Today, STS has about 30 employees. At one time, the company had 160, but the wireless sector is notorious for its volatility. “A lot of times, it’s feast or famine in the wireless industry,” Anthony avers. “There are times when they can’t find enough people to do the work, and then there are other times when nobody has anything to do. And unfortunately, a lot of people end up going out of business during those times. Because of the variety of customers we have, we’ve been able to maintain the business. If one part of the industry is down, we can survive because we have the support of another.”

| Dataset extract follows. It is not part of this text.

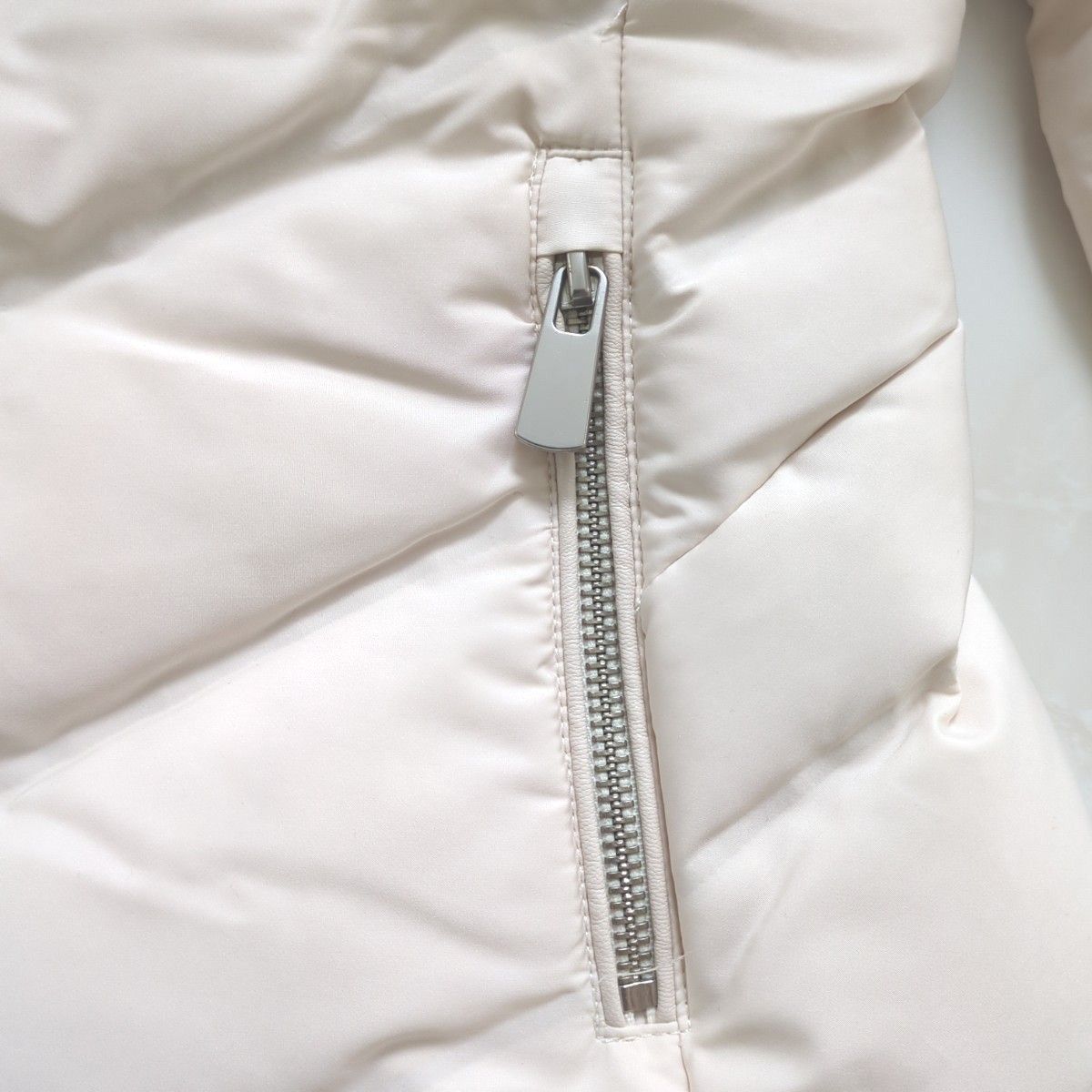 美品【ZARA】ザラグレーダックダウン・フェザーダウンジャケット 美品【ZARA】ザラグレーダックダウン・フェザーダウンジャケット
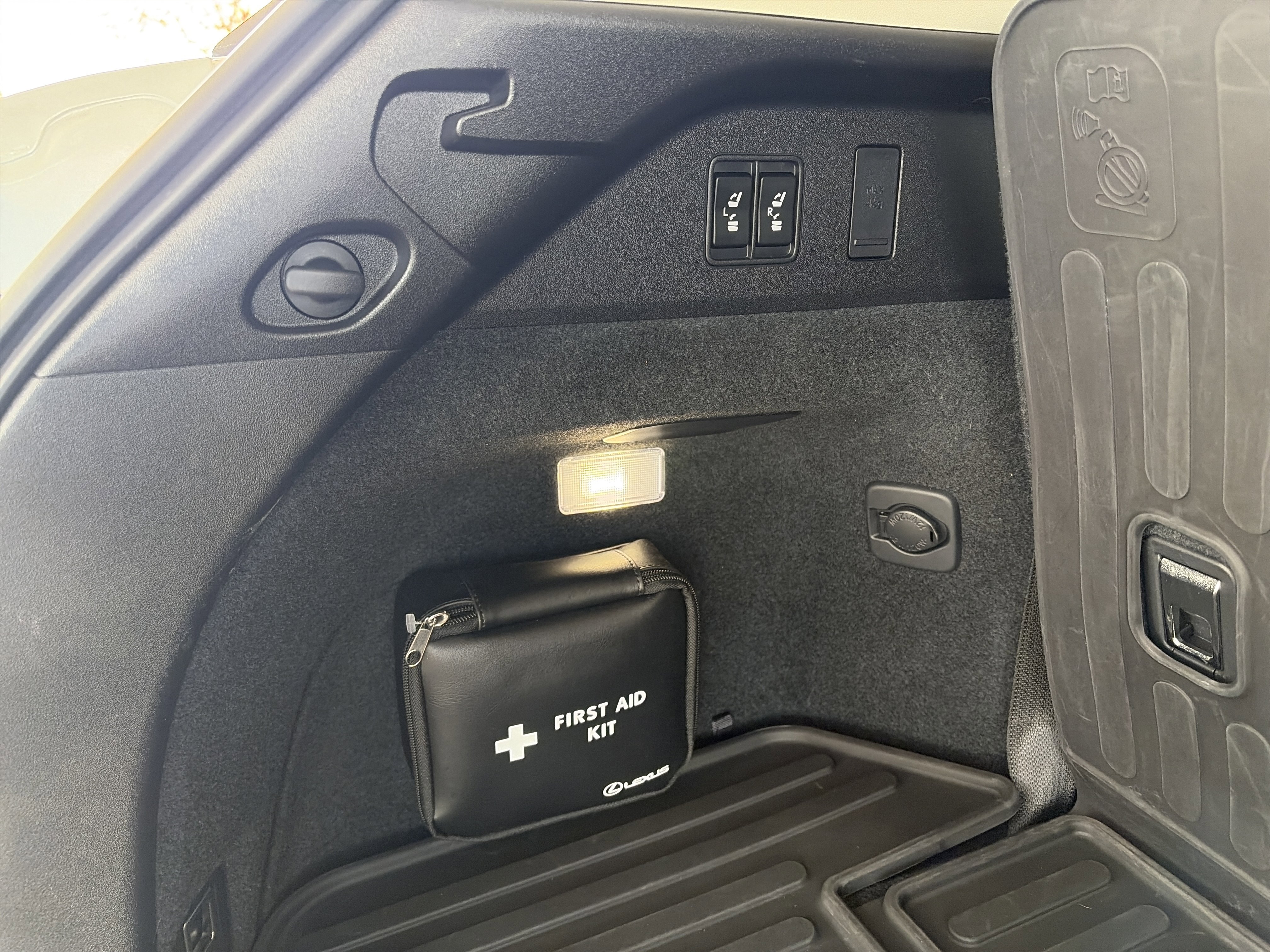 Used 2021 Lexus RX 350L Premium w/ Premium Package image 23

That variety includes close to a hundred unique clients. “We do work with some of the cellular companies and the tower-owning companies,” Anthony explains. “We work for utility companies and support their telecommunications efforts. We work with local broadcasters, and we work for local government entities, from time to time. We like to do greenfield construction; we like to do tower upgrades and modification work, which is in high demand at this stage of the industry. We do a lot of antenna and line work, and tower maintenance, in general.”

In a very competitive field, Anthony asserts that STS has several advantages. “The way we distinguish ourselves is the care of service that we give our customers, the quality of employees that we hire, the level of training that we give them, and the personal commitment to stand by our work, one hundred percent. And because we are very careful about who we hire, we get to keep our employees longer, which is a comfort to the customers – they see the same faces year after year.” In addition, Anthony maintains that STS’s longevity in the business speaks volumes about the company’s experience, as well as its capacity to have gone through the ups and downs that the industry generates, year after year. And then, of course, there’s the company’s commitment to safety. “We have an outstanding safety record and we’re recognized for that throughout the industry,” he adds.

As the wireless sector continues to grow and transform itself, Anthony says that STS is going to have to make some decisions soon about its ongoing business model. “What we do is sometimes the result of what our best customers are asking us to do. That helps to clarify, a lot of times, what our decisions need to be,” he says. “There are small cell and DAS (Distributed Antenna System) deployments now that are expected to be volume-intensive over the next several years and we have to consider if we want to gear up for that or whether we just want to stick with the macro-sites, which we traditionally built and worked on; 5G is on the horizon, a re-pack of the commercial television stations, and the development of FirstNet, an LTE system for first responders across the country. So, there are a lot of things in the works right now that will be impacting our business. I do expect us to remain heavily involved in tower construction and tower modification. We will do a little bit of the broadcast re-pack for the shorter towers in our area. And we will continue to be involved with the maintenance of macro sites. I don’t think I’m very interested in the small cell and DAS deployments.”

However, as Anthony considers retiring from the family-owned business he founded with his wife almost 34 years ago, and passing on its day-to-day responsibilities to his son, he still remains passionately interested in the continuing need for the training and safety of tower industry professionals. “I spend most of my time as an advocate for improving the safety and training and professionalism of the industry,” he says. He is a charter member of NATE – the National Association of Tower Erectors – and an Executive Board Member of TIRAP – The Telecommunications Industry Registered Apprenticeship Program, which is a joint venture of telecommunications companies, industry associations, and the U.S. Department of Labor. TIRAP develops apprenticeship programs available to qualified employers for career development of the telecommunications workforce. Its mission is to partner with stakeholders to promote safety, enhance quality, and enable education and advancement opportunities in the telecommunications workforce that will meet network infrastructure build-out needs.

As always, at Shenandoah Tower Service, safety comes first.